Functional data Machine learning Adaptive basis GMLVQ Relevance learning 

1 Introduction

In a variety of modern systems, high-dimensional sensor data are produced that is usually difficult to handle with traditional methods. To cope with the high number of input dimensions, the use of prior knowledge of the data generating systems can be used for simplification and dimensionality reduction. In many cases, high-dimensional data vectors can be assumed to represent discretized versions of continuous functions. Although time series might come to mind first as an example, similar properties are also present in other types of sequential data, such as spectral image data.

Such data are frequently recorded to serve as input for a classification task. Various machine learning algorithms can be applied, having specific advantages and disadvantages. The popularity of prototype- and distance-based classification systems results from their intuitive interpretation and straightforward implementation [2, 7]. In this paper, an extension of the popular learning vector quantization (LVQ) [21] is used. LVQ systems comprise different prototypes which represent characteristic properties of their corresponding classes. Together with an appropriate distance measure, they constitute an efficient classification method.

The selection of a suitable distance measure is a key issue in the design of a prototype-based classifier [6]. While using predefined distances such as the Euclidean or other Minkowski-like measures often yields reasonable results, the application of more flexible relevance schemes has shown to be beneficial [8]. In generalized matrix relevance LVQ (GMLVQ) [34], a parameterized distance measure is employed whose parameters are determined in a data-driven training process [35]. This offers greater flexibility, since only the general structure of the distance measure has to be specified in advance. The analysis of the emerging distance measure can give further insights into the nature of the input data [34, 35, 36].

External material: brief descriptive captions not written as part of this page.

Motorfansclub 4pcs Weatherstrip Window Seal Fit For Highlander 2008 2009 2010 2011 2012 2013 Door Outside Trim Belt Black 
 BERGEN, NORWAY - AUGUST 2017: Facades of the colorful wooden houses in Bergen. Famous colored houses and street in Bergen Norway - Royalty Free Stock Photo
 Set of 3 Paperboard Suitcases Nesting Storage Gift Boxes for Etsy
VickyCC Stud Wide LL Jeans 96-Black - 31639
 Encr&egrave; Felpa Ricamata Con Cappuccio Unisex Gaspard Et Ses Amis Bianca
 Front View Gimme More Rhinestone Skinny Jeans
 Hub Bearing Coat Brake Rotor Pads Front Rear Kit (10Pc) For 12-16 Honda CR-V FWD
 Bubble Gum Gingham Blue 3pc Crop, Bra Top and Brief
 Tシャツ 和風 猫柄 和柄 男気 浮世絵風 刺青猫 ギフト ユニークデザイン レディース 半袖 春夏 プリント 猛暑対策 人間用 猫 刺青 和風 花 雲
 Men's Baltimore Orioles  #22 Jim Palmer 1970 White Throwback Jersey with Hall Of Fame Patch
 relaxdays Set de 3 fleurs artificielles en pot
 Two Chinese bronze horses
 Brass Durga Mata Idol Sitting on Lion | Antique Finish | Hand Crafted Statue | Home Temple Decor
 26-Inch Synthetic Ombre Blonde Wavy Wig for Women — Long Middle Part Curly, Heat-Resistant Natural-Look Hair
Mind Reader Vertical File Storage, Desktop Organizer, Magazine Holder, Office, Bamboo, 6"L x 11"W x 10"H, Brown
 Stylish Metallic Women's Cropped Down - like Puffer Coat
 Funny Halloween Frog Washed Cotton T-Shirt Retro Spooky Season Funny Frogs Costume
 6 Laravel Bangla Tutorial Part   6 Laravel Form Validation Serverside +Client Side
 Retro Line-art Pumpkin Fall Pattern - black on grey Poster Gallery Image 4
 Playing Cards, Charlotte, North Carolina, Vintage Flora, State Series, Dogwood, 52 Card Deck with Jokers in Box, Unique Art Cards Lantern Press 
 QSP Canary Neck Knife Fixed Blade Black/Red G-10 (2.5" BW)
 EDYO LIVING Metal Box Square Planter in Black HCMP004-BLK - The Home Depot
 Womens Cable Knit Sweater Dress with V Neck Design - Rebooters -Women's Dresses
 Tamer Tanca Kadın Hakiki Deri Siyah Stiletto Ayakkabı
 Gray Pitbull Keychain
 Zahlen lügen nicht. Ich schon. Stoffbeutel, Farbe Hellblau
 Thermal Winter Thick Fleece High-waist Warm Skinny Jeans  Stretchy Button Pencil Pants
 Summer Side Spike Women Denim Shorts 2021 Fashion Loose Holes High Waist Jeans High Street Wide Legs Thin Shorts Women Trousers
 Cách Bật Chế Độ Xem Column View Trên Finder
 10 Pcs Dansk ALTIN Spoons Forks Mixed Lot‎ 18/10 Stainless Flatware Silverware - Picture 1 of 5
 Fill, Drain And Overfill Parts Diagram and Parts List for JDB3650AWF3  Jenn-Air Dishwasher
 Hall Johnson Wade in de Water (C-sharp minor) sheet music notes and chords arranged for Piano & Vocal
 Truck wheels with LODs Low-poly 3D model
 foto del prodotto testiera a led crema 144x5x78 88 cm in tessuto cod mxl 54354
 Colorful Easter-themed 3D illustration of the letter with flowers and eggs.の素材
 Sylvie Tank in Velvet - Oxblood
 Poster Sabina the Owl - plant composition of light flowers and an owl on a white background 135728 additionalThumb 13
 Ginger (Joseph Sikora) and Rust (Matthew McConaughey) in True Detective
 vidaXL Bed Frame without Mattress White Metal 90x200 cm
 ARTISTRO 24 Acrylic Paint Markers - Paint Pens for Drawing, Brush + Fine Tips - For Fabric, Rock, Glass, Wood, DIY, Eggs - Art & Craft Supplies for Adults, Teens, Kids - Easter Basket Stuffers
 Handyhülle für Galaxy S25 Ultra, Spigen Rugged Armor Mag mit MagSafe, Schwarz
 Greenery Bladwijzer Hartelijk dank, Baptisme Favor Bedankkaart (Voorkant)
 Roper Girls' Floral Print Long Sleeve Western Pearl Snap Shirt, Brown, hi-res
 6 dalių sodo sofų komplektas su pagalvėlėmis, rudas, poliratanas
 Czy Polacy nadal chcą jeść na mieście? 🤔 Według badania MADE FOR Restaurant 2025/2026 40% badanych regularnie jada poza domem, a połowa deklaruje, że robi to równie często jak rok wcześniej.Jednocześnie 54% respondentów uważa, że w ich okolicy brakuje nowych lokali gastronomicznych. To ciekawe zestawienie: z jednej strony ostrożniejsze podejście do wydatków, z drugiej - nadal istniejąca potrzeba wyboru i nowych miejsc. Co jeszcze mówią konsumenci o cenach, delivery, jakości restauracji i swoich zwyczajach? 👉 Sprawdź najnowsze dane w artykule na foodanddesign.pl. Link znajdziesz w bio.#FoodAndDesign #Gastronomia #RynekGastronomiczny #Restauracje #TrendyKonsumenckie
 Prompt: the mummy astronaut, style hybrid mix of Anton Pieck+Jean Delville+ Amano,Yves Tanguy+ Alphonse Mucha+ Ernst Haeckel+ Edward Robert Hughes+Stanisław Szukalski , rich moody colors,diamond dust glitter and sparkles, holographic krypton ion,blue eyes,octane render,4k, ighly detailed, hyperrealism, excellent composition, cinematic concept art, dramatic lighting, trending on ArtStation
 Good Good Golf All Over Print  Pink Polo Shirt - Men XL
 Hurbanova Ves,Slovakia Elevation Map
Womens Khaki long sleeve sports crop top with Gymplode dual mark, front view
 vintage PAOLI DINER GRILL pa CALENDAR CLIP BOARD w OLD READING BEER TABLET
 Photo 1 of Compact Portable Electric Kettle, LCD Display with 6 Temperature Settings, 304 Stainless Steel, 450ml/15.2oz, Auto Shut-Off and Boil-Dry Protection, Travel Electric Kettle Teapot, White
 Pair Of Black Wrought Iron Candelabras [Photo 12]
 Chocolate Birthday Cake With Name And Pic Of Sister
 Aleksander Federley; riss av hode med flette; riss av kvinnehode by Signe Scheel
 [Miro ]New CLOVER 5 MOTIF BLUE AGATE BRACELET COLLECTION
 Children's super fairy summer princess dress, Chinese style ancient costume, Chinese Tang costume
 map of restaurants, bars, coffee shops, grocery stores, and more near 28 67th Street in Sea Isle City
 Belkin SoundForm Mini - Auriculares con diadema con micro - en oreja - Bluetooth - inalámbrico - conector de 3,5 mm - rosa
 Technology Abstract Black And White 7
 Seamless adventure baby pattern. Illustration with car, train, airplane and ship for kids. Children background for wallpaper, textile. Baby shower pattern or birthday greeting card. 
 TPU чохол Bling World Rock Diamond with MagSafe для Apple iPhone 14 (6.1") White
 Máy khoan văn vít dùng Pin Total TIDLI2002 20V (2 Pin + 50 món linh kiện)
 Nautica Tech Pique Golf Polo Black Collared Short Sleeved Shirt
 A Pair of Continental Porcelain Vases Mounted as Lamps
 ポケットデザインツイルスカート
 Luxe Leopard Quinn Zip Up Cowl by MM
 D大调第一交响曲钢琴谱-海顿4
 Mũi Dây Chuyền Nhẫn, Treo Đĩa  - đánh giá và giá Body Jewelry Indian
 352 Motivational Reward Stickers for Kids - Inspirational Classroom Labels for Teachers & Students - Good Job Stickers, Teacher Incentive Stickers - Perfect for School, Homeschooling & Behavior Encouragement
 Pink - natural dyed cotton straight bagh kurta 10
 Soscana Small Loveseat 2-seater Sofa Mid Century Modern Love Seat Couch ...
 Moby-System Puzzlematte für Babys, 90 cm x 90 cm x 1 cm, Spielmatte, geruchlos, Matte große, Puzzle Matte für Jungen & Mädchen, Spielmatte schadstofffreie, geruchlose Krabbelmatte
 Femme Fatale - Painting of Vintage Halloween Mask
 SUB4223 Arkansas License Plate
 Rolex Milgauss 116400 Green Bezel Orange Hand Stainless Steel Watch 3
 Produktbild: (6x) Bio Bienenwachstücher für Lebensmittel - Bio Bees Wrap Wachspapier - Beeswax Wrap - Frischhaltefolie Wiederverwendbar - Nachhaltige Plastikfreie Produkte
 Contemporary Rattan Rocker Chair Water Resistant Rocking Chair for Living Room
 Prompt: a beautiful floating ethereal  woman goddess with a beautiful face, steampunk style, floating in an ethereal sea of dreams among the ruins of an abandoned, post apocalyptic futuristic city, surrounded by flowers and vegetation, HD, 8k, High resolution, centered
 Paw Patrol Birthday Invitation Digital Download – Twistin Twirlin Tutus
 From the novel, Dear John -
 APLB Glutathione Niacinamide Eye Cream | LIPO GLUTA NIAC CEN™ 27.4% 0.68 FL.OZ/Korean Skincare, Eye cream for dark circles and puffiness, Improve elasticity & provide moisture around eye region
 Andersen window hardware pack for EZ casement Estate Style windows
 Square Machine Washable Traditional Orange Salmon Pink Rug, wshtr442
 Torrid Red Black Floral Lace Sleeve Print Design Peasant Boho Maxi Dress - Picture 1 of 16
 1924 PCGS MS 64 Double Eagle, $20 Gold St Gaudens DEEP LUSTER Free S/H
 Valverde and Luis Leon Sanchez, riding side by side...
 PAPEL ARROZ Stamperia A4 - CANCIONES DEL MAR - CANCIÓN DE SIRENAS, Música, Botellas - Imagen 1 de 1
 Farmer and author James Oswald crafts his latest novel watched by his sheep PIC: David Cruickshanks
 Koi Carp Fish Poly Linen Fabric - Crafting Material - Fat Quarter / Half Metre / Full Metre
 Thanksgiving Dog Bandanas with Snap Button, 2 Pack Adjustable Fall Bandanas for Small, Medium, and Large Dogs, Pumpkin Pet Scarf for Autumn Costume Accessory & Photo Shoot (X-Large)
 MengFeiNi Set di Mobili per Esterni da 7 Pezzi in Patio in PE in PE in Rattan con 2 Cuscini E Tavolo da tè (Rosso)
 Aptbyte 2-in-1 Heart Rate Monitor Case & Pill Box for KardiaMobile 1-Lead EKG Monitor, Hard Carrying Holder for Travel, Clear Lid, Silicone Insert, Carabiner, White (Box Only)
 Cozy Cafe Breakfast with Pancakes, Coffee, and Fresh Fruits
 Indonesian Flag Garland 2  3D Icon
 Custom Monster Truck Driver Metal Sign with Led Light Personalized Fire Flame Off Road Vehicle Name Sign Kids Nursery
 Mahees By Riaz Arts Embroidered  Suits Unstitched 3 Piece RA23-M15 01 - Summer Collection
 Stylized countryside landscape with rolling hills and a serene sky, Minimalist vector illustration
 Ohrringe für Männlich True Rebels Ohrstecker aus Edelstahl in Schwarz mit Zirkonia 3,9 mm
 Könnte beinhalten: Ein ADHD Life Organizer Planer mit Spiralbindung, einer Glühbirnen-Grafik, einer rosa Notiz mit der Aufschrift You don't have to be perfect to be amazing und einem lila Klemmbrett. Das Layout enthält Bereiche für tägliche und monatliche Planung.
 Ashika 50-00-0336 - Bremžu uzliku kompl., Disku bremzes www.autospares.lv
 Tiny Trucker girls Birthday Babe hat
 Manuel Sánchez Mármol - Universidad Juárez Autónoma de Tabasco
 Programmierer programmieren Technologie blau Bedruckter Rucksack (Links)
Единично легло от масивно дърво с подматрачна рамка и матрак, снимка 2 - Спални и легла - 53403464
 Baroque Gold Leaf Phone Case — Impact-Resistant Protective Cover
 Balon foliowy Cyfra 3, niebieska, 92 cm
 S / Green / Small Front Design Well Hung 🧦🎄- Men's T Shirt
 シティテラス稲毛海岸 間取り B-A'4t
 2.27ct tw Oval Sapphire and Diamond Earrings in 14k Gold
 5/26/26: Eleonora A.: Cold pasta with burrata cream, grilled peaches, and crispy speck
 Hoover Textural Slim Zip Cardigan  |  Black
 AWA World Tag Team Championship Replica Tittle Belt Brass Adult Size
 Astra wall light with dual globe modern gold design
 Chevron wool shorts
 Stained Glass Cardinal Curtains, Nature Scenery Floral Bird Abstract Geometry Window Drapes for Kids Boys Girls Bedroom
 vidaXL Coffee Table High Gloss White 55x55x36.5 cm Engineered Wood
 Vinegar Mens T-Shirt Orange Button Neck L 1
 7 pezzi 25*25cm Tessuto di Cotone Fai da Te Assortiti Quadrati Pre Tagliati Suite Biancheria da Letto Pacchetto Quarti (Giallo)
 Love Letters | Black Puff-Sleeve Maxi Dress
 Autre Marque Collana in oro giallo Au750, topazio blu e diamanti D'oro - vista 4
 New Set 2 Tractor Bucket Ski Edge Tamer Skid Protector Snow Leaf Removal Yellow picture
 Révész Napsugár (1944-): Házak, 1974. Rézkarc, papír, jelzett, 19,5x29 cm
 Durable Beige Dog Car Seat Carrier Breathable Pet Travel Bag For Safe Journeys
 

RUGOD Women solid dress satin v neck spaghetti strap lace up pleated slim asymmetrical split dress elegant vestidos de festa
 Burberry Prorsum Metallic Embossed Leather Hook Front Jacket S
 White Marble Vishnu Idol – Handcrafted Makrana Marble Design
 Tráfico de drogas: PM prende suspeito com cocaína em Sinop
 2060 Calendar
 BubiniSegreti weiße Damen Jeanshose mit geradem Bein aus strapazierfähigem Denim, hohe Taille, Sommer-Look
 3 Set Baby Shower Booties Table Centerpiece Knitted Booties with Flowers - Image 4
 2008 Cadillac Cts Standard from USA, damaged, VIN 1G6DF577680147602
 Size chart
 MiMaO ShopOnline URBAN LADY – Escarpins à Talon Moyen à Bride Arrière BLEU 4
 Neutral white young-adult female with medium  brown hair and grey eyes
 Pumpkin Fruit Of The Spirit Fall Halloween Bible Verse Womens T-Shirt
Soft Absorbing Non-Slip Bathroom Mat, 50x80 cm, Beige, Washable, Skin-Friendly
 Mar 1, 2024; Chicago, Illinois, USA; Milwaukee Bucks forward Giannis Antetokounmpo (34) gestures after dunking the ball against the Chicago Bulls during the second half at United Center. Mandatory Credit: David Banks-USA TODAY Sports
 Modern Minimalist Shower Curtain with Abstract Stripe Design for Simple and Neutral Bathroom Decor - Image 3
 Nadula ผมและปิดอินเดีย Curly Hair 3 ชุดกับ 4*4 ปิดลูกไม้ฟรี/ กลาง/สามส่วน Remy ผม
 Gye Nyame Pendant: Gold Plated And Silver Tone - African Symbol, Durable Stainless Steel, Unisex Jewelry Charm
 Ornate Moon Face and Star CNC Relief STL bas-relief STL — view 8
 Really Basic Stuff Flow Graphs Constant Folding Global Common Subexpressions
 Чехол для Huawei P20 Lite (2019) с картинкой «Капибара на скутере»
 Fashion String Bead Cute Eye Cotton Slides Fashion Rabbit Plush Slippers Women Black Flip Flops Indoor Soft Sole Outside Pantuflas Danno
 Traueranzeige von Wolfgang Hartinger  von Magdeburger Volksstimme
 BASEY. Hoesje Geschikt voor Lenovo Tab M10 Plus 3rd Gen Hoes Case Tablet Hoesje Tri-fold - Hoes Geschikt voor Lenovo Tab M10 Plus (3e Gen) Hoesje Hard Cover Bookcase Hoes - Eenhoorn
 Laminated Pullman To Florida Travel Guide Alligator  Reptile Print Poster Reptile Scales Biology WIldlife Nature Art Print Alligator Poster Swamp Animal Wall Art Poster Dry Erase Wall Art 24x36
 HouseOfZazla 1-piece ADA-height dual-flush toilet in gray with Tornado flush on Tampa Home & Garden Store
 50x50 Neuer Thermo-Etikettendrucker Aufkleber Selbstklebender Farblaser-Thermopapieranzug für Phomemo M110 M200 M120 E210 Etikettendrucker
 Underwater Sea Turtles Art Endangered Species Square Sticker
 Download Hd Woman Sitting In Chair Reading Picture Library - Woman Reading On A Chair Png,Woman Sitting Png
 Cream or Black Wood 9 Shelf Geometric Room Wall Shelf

In this paper, we introduce a further extension of GMLVQ with respect to functional data. An expansion of functional data by means of suitable basis functions in combination with GMLVQ has proven to make superior classification performance and drastic reduction of input dimensions possible. In [26, 27], the representation of spectral data and time series as weighted sums of basis functions facilitated an reduction of input dimensions. As a first example, Chebyshev polynomials of first kind were examined as possible basis functions. In [35], a wavelet transformation was employed for the dimensionality reduction, but was mainly motivated as a definition of discriminative features for sharply peaked mass spectra.

The use of functional data analysis for classification has been investigated in recent years in combination with different approaches including support vector machines [31], random forests [16] and self-organizing maps [30]. The increasing availability of deep learning frameworks and suitable hardware has further motivated the analysis of functional data by using convolutional neural networks [19] and auto-encoders [18]. While the latter studies follow a data-driven approach to incorporate the functional nature of the data, the interpretation of the obtained results remains tough, due to the high number of free parameters in deep learning models. Most of the other previous studies take only a single predefined generic functional expansion into account. The problem of an appropriate functional basis selection (with respect to the classification task) remains and is scarcely discussed in the literature.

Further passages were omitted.